**PROBLEM REQUIREMENTS**
The data that follows is to be copied exactly, with each image removed.

(Brief descriptive captions)
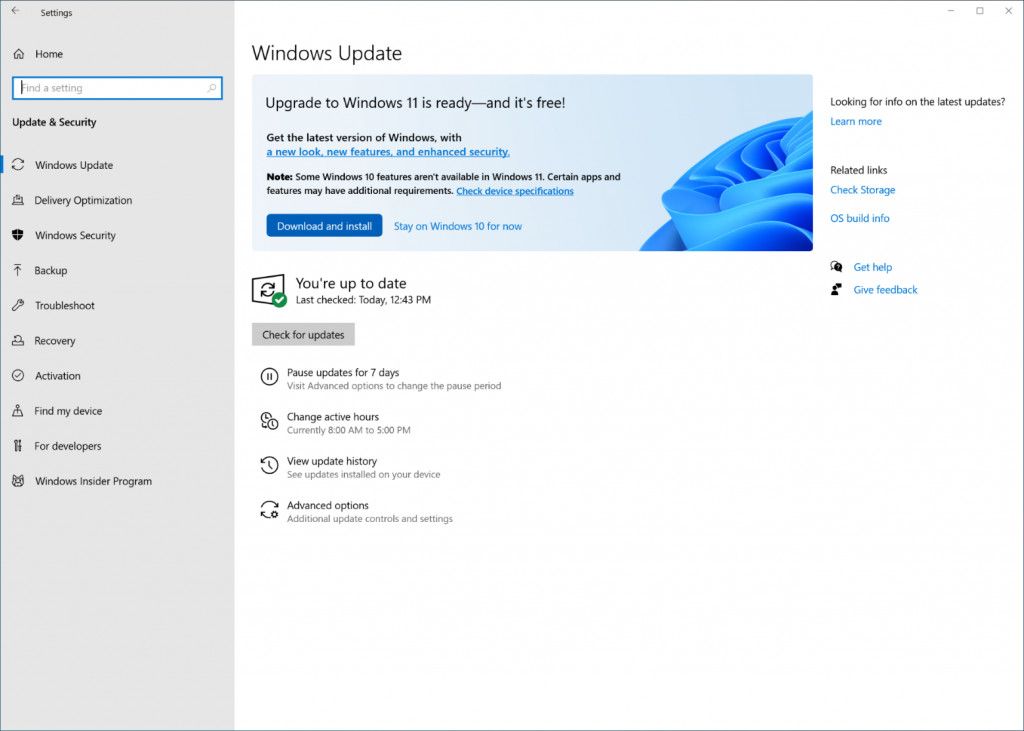 Windows 11 update hitting Windows 10 devices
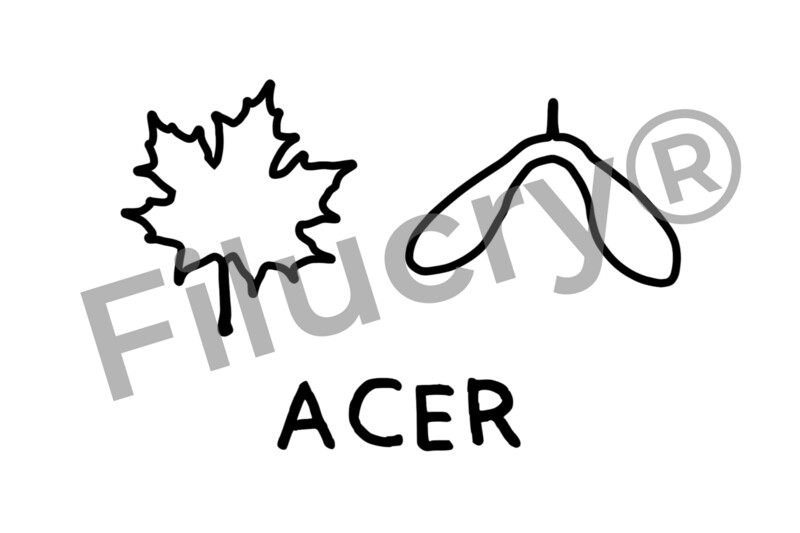 "Ahorn" Plotterdatei, Digitaler Download, SVG / JPG / PNG / PDF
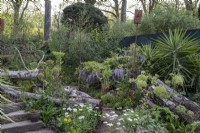 La nature reprend possession d'un jardin, plantant une souche de bouleau argenté dans un jardin en ruine. Angelica archangelica, Yucca elephantipes, Saxifraga x urbium, Orlaya grandiflora et Ammi majus
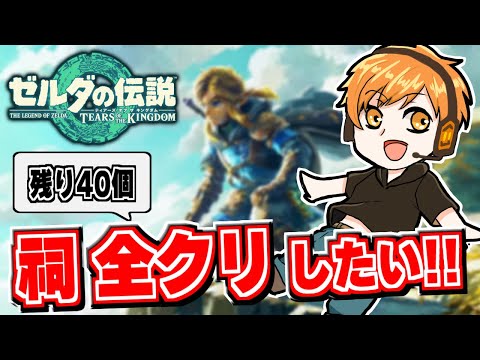 【ゼルダの伝説 ティアーズオブザキングダム】すべての祠を解放したい!!  【生配信】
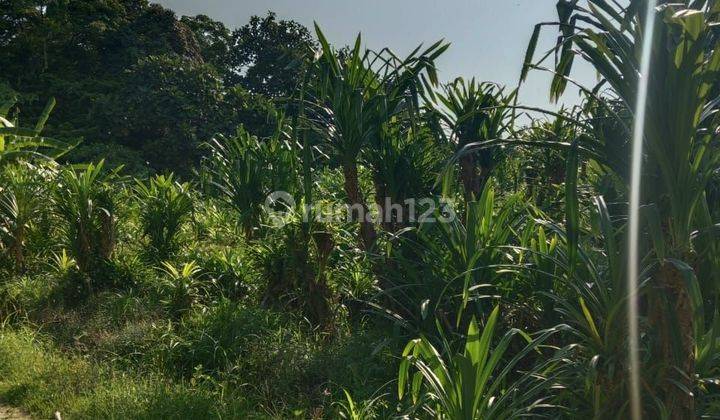 Land for sale in Tiying Tutul location 1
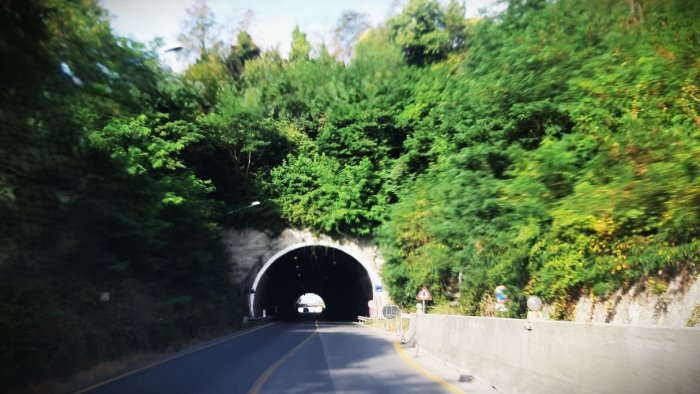 galleria maddalena ad ariano la foresta avanza e i new jersey ancora li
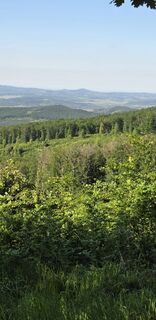 Foto de János Zsolt Mahr a lo largo del recorrido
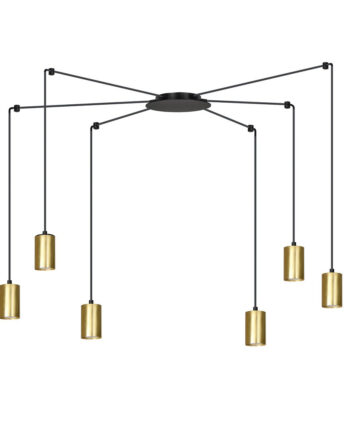 Traker   Bl Gold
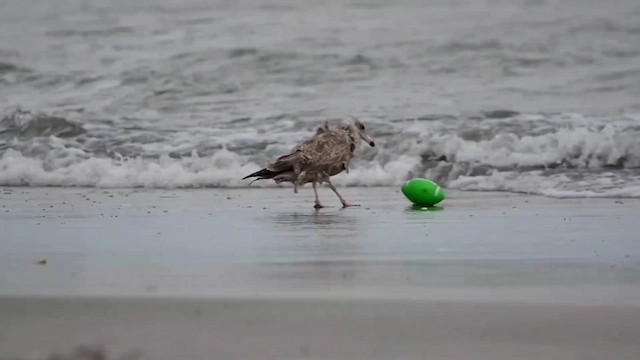 Herring Gull (American) - ML609805199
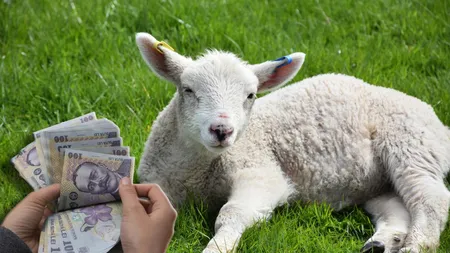 Carnea de miel, mai scumpă ca anul trecut. Cât vor plăti românii pentru masa de Paște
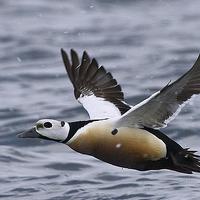 Stellers Eider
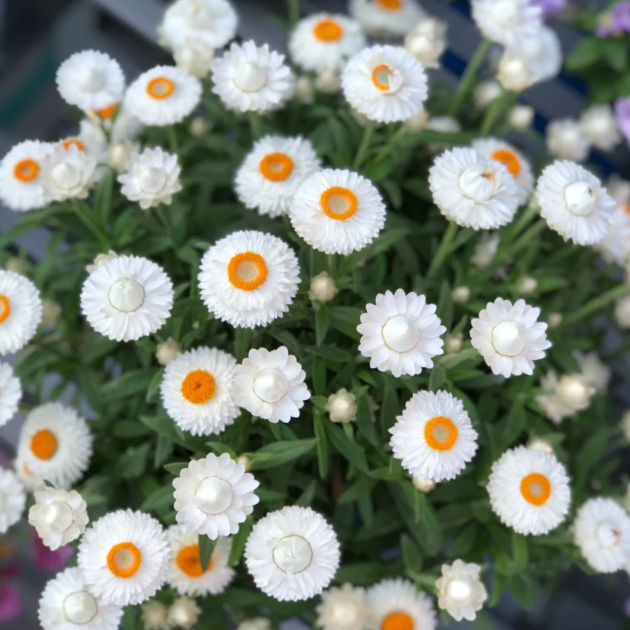 🌻Straw Chrysanthemum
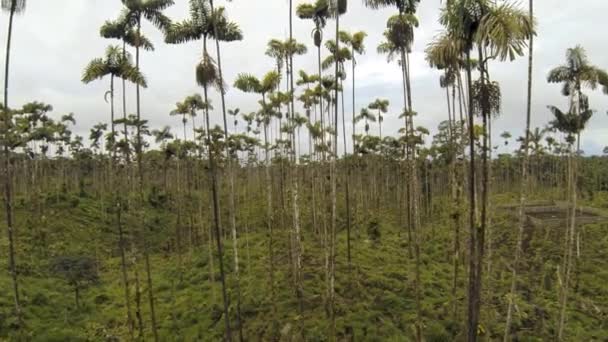 Gröna Långa Träd Miljö Flora Video Skog — Stockvideo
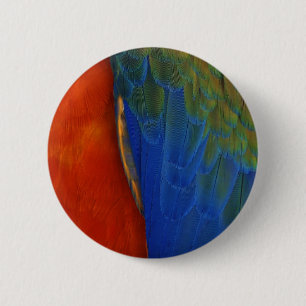 Ara Federn Button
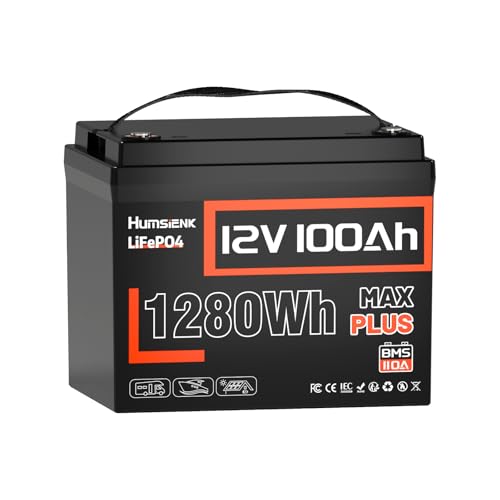 Humsienk LiFePO4 100Ah 12V Lithium Batterie mit 110A BMS...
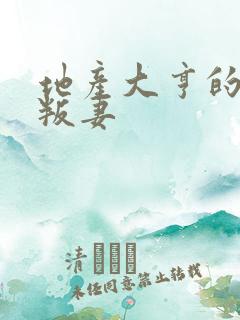 地产大亨的豪门叛妻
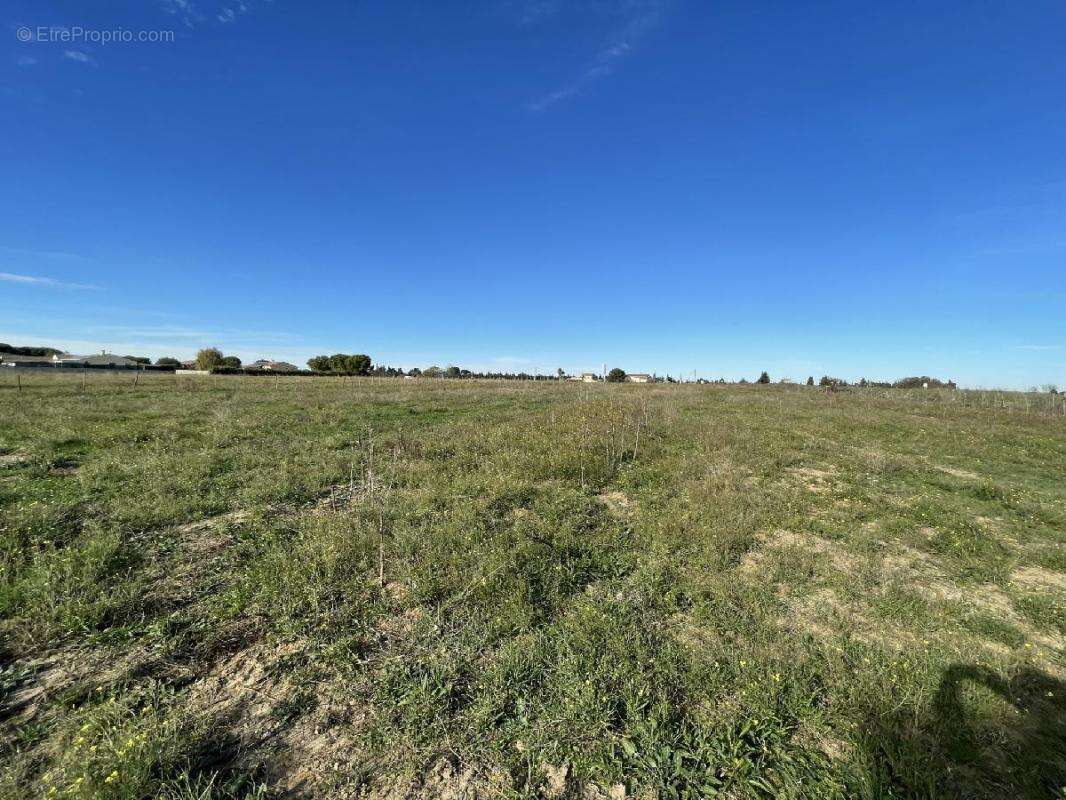 Terrain à GALLARGUES-LE-MONTUEUX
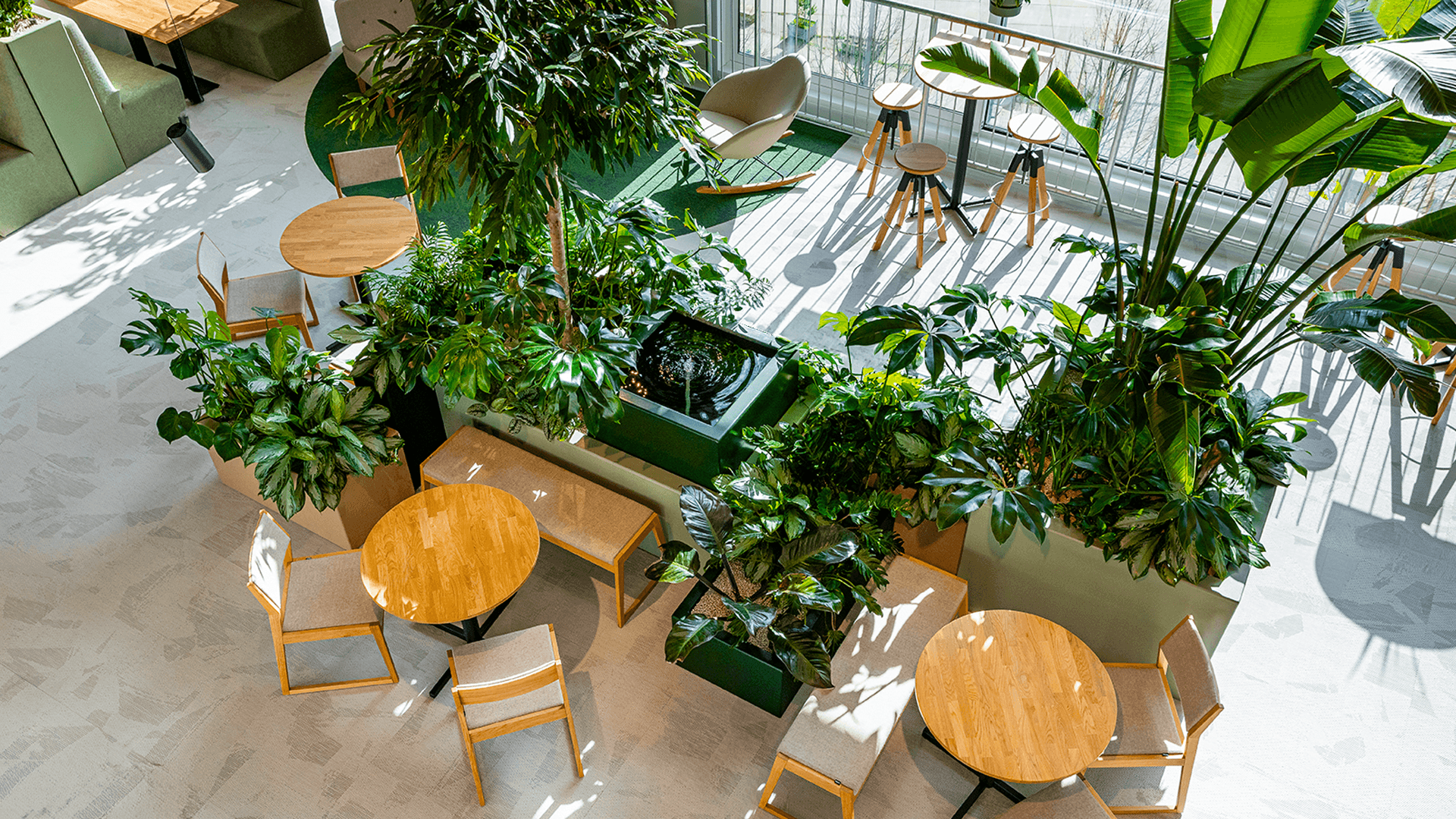 De oase in gebouw Donna - Biophilic Design concept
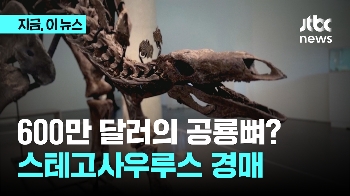 600만 달러의 공룡뼈?…스테고사우루스 경매 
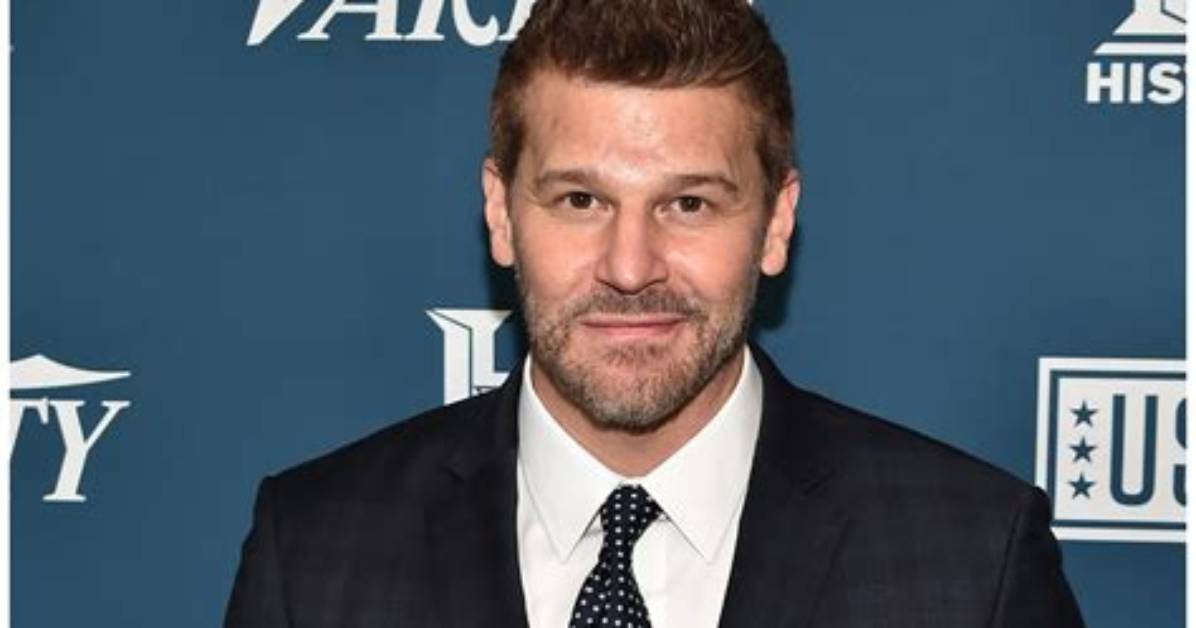 Unveiling David Boreanaz's Paternity: Discoveries and Insights Await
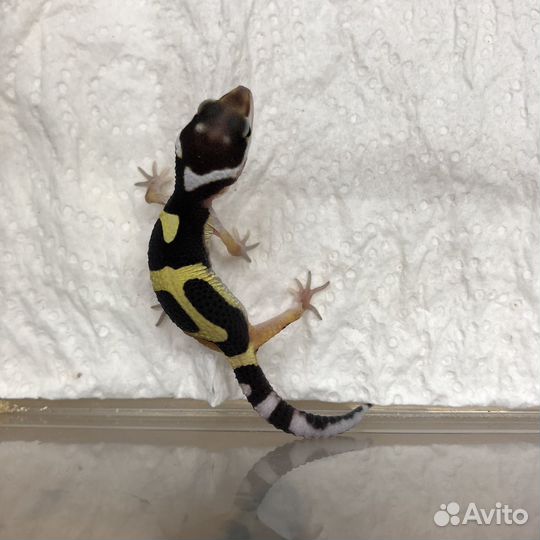 Bandit эублефар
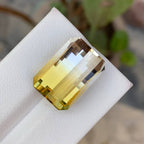 Natural Bicolour Citrine 17.81 Ct Pixel Cut Brazil Loose Gemstone Loupe Clean Untreated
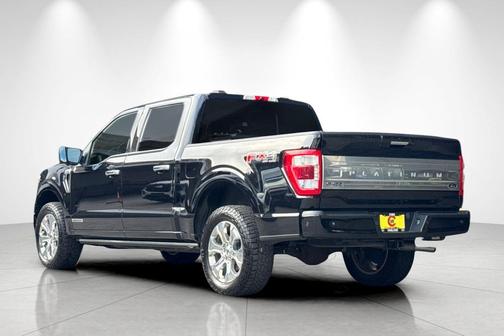 Agate Black Metallic 2021 Ford F-150 Platinum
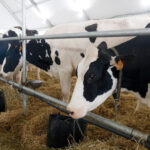 L’economia gironina tanca el primer trimestre amb una taxa d’atur del 9,57% i suma 8.500 desocupats més ocupació comarques gironines atur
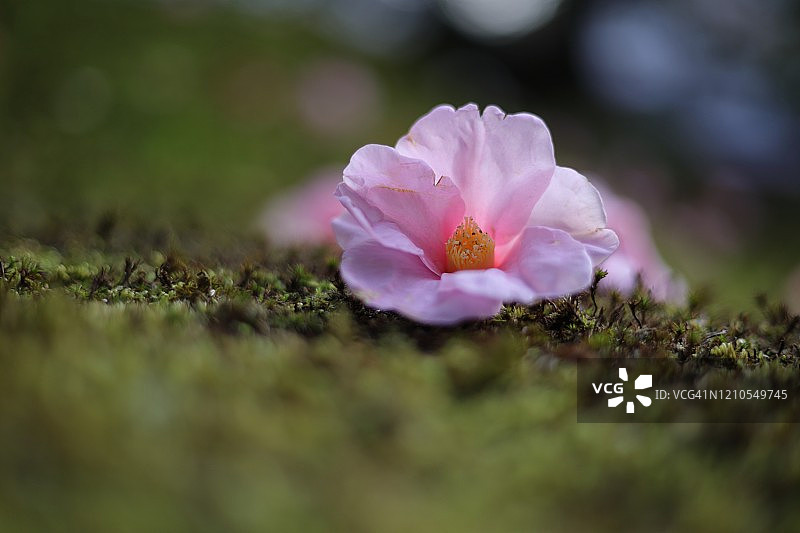 粉色山茶花特写——植于苔藓上的羽乐椿图片素材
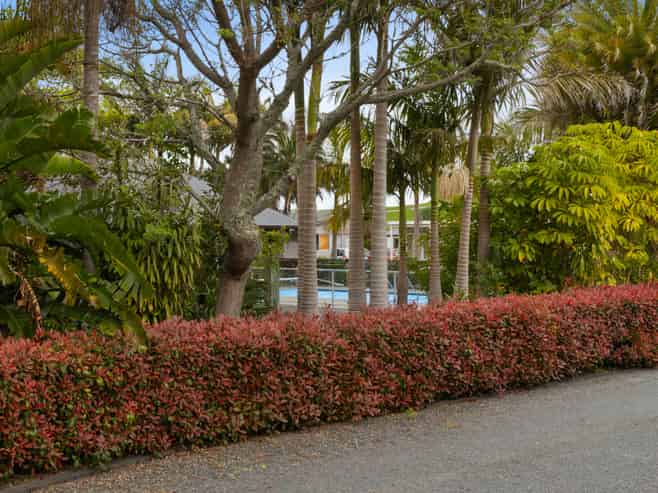 C7/71 Moir Street, Mangawhai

**YOUR SOLUTION**
 Windows 11 update hitting Windows 10 devices
 "Ahorn" Plotterdatei, Digitaler Download, SVG / JPG / PNG / PDF
 La nature reprend possession d'un jardin, plantant une souche de bouleau argenté dans un jardin en ruine. Angelica archangelica, Yucca elephantipes, Saxifraga x urbium, Orlaya grandiflora et Ammi majus
 【ゼルダの伝説 ティアーズオブザキングダム】すべての祠を解放したい!!  【生配信】
 Land for sale in Tiying Tutul location 1
 galleria maddalena ad ariano la foresta avanza e i new jersey ancora li
 Foto de János Zsolt Mahr a lo largo del recorrido
 Traker   Bl Gold
 Herring Gull (American) - ML609805199
 Carnea de miel, mai scumpă ca anul trecut. Cât vor plăti românii pentru masa de Paște
 Stellers Eider
 🌻Straw Chrysanthemum
 Gröna Långa Träd Miljö Flora Video Skog — Stockvideo
 Ara Federn Button
 Humsienk LiFePO4 100Ah 12V Lithium Batterie mit 110A BMS...
 地产大亨的豪门叛妻
 Terrain à GALLARGUES-LE-MONTUEUX
 De oase in gebouw Donna - Biophilic Design concept
 600만 달러의 공룡뼈?…스테고사우루스 경매 
 Unveiling David Boreanaz's Paternity: Discoveries and Insights Await
 Bandit эублефар
 Natural Bicolour Citrine 17.81 Ct Pixel Cut Brazil Loose Gemstone Loupe Clean Untreated
 Agate Black Metallic 2021 Ford F-150 Platinum
 L’economia gironina tanca el primer trimestre amb una taxa d’atur del 9,57% i suma 8.500 desocupats més ocupació comarques gironines atur
 粉色山茶花特写——植于苔藓上的羽乐椿图片素材
 C7/71 Moir Street, Mangawhai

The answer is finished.